AIM OF THE EXERCISE: Within the records below, find each line that holds the string "Building", then copy it.

Crawled caption data:
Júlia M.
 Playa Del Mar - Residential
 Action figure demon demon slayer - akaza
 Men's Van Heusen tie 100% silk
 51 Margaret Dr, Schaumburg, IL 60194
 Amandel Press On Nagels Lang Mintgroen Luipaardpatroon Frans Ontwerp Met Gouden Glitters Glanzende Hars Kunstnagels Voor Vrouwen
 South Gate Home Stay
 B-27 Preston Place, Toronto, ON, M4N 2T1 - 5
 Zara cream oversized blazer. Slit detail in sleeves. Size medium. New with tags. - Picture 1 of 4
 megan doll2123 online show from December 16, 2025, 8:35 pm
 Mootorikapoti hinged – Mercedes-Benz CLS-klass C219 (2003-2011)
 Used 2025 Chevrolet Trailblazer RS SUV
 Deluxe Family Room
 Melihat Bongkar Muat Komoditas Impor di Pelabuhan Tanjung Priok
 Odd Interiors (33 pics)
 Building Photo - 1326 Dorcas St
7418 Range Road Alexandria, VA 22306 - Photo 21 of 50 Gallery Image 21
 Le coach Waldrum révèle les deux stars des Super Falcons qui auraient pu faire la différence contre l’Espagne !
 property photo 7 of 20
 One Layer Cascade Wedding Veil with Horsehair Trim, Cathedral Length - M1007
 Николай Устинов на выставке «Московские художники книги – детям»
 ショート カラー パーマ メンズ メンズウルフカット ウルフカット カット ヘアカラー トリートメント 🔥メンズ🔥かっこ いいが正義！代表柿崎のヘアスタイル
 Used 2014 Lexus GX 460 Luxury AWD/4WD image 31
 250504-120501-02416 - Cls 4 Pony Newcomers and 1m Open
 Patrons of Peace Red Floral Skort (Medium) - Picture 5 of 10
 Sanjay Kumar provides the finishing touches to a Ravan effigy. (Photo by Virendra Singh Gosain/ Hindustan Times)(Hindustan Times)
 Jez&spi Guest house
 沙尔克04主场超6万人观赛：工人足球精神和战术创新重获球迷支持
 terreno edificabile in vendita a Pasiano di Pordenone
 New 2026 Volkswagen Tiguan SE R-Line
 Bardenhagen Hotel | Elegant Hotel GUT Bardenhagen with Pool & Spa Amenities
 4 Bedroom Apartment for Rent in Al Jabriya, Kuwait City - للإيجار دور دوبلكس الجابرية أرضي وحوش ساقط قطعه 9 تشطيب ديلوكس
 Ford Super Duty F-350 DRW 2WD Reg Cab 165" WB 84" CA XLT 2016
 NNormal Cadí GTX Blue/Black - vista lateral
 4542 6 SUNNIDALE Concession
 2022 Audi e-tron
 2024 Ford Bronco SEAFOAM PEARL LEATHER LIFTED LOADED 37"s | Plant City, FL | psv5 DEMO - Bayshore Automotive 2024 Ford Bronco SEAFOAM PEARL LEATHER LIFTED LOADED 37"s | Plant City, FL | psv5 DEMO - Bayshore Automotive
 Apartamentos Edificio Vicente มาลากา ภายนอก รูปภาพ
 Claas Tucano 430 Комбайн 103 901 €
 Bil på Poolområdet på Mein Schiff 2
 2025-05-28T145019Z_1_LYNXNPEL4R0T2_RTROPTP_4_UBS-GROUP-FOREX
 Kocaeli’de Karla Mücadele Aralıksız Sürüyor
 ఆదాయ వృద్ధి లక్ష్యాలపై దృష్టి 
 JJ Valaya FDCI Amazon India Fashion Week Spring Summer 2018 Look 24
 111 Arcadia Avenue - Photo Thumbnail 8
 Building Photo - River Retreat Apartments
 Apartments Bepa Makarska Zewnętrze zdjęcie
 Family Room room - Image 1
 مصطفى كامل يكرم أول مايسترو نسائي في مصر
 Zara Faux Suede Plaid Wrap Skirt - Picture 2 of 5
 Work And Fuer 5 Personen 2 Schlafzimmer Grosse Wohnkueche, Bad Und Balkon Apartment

RESULT FOR THIS TASK:
 Building Photo - 1326 Dorcas St
 Building Photo - River Retreat Apartments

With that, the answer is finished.